Vollkommen erwiesen. Eckermann berichtet es sehr ausführlich in einem Gespräch von 1827. Und da mir die Stelle zufällig erst gestern in die Finger kam, so kann und darf ich wohl zitieren: »Du Großer und Guter,« – dachte Eckermann, »der du die ganze Natur wie Wenige durchforscht hast, in der Ornithologie scheinst du ein Kind zu sein!«
Für einen spekulativen Philosophen, will ich einschalten, könnte dies der Ausgangspunkt einer reizvollen Untersuchung bilden. Der eine weiß nicht, wie eine Lerche aussieht, wäre aber imstande gewesen, die platonische Idee des Gefiederten zu erfassen, auch wenn gar keine Vögel vorhanden wären, und so hätte der andere, Humboldt, vielleicht bei entsprechendem Auftrag des Himmels kreisende Planeten erschaffen; nur das, was wir eine astronomische Tat nennen, etwas Kopernikanisches, Keplerisches, hätte er nie zu vollbringen vermocht.
Und noch bezüglich einiger anderer Männer geriet ich bei Einstein an Äußerungen, die dem Fortissimo meiner Taxe einen gewissen Dämpfer aufsetzten.

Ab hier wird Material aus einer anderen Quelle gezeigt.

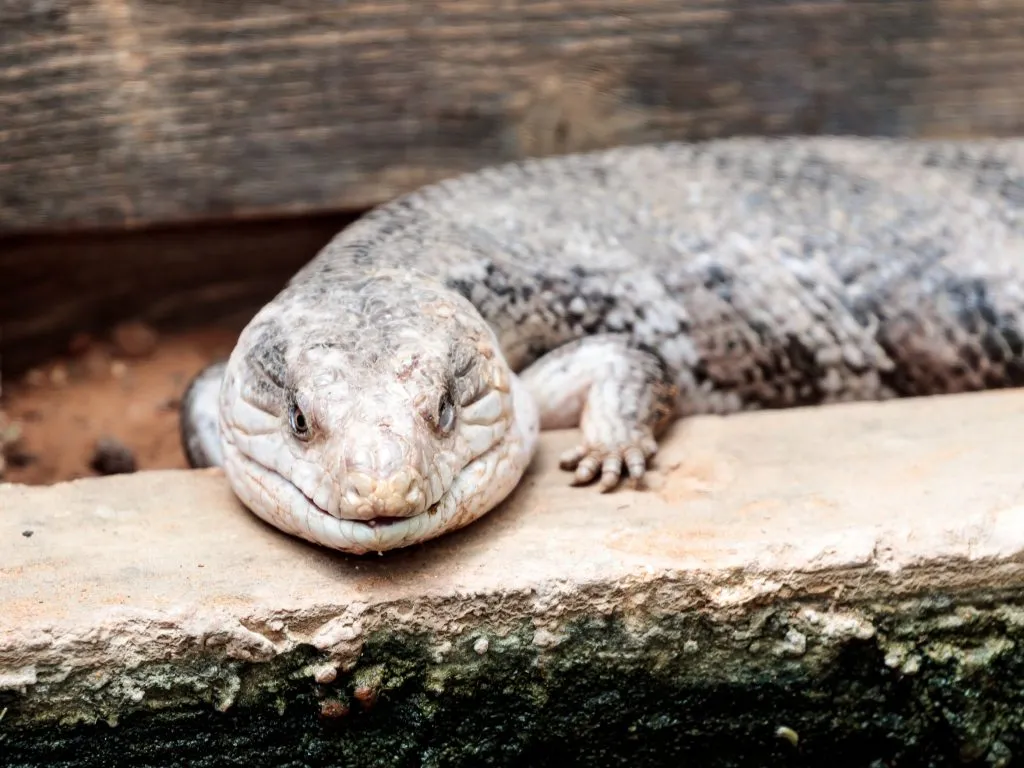 How often do Blue Tongue Skink shed?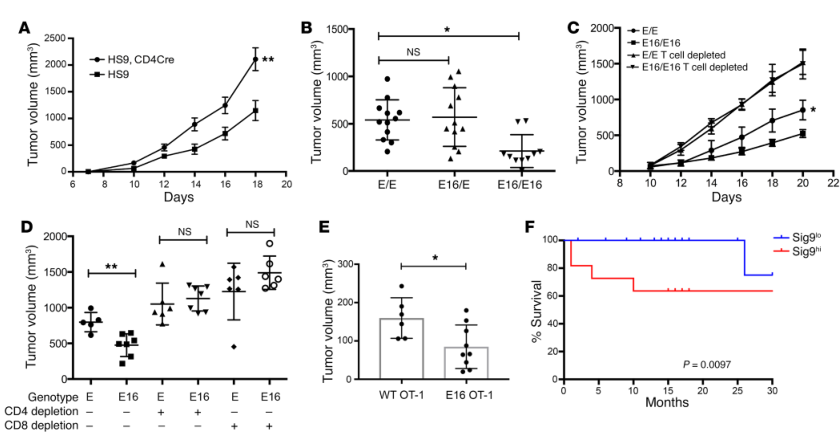 Siglecs ：Oncology 和Immunology领域的多维度玩家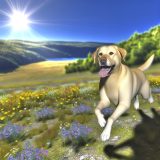 labrador zomer fotografie Voor Je Labrador Essentiële Gids
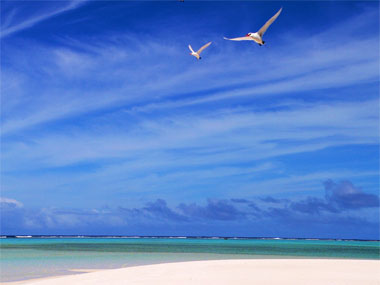 birds in the Aitutaki Lagoon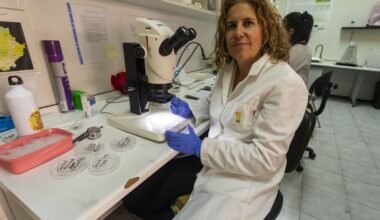 Detectan la presencia de mosquito tigre en seis municipios extremeños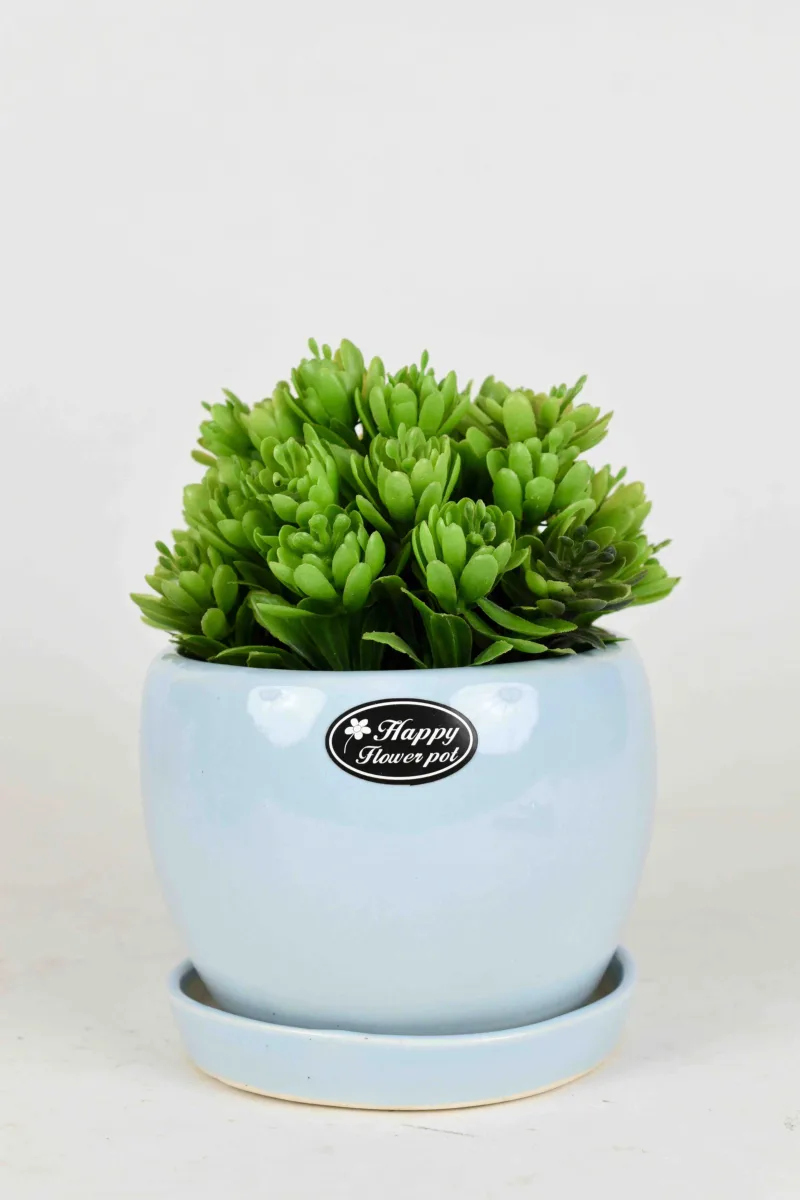 Classic Ceramic Planter — 7.5" Dia × 7.5" Height — Primary View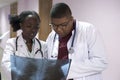 A group of young doctors, mixed race. In the corridor of the hospital, doctors look at X-rays, solving medical problems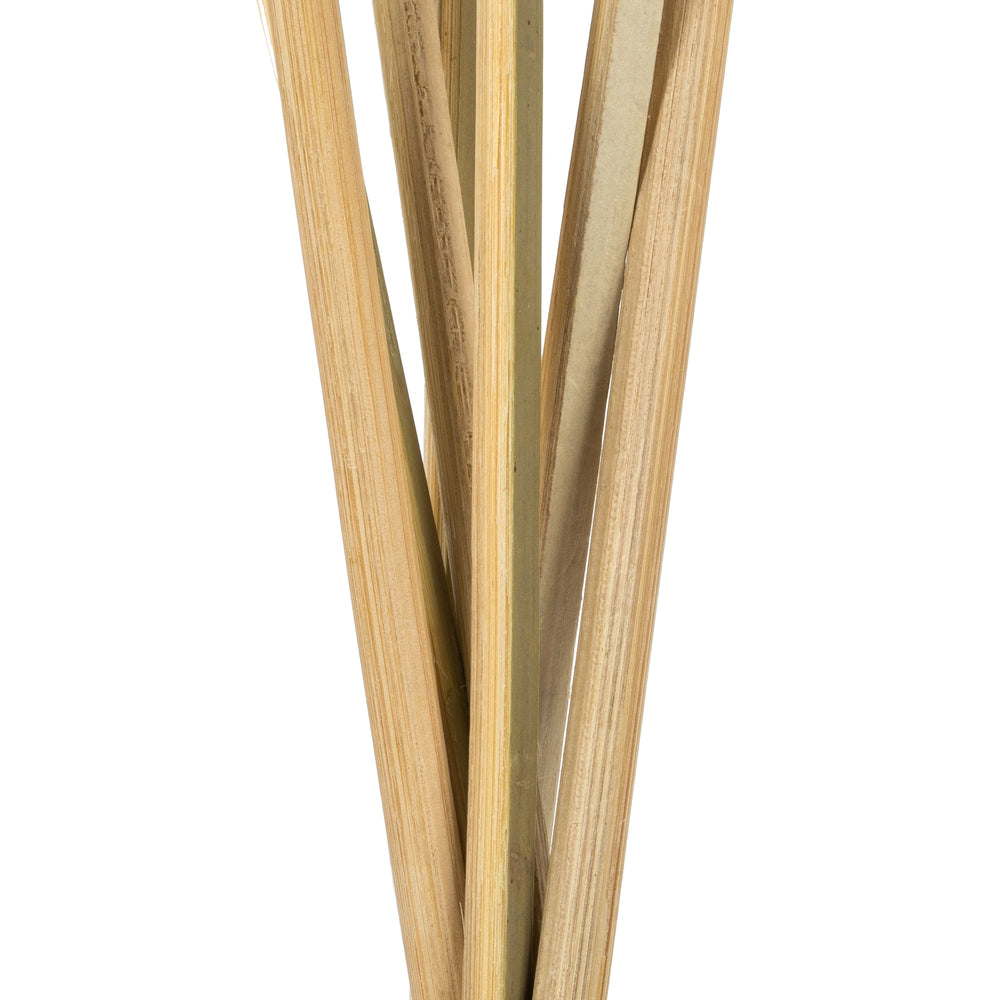 Vickerman 15" Basil Tigela Pod Stemmed 7 stems per pack Dried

Wir sprachen von Leonardo da Vinci , ganz unabhängig von dessen künstlerischer Bedeutung, also nur von Leonardo, dem Erkenner und Forscher. Ihm seine Zugehörigkeit zur Walhalla der Geister zu bestreiten, liegt Einstein fern. Allein es war klar, daß er mir empfehlen wollte, meinen Katalog anders zu numerieren, um dem italienischen Meister nicht gerade in erster Reihe den Standort zuzuweisen.
Das Leonardo-Problem erweckte meine volle Teilnahme und verdient sie in der ganzen Welt. Je mehr die Erforschung seiner Schriften vorschreitet, desto intensiver verdichtet sie sich zu der Frage: wieviel Bestandteile verdankt unsere Wissenschaft überhaupt dem Leonardo? Allen Ernstes wird heut erklärt, er ist nur im Nebenfach Maler und Bildhauer gewesen, im Hauptberuf aber Ingenieur, und zwar der größte aller Zeiten. Darüber hinaus macht sich die Ansicht geltend, er wäre als Wissenschaftler die Leuchte aller Leuchten von keinem früheren oder späteren in der Fülle der Erkenntnisse erreicht.
Ich hatte mir, da das Problem schon früher zwischen uns erörtert war, eine kleine Tabelle mitgebracht, flüchtig ausgezogen aus den mir zugänglichen Spezialwerken. Nach dieser Liste wäre Leonardo der eigentliche Entdecker und Urheber folgender Dinge:
Gesetz von der Erhaltung der Kraft.
Gesetz der virtuellen Geschwindigkeiten, vor Ubaldi und Galilei.
Wellentheorie, vor Newton.
Entdeckung des Blutumlaufs, vor Harvey.
Reibungsgesetze, vor Coulomb.
Gesetz der kommunizierenden Röhren, vor Pascal.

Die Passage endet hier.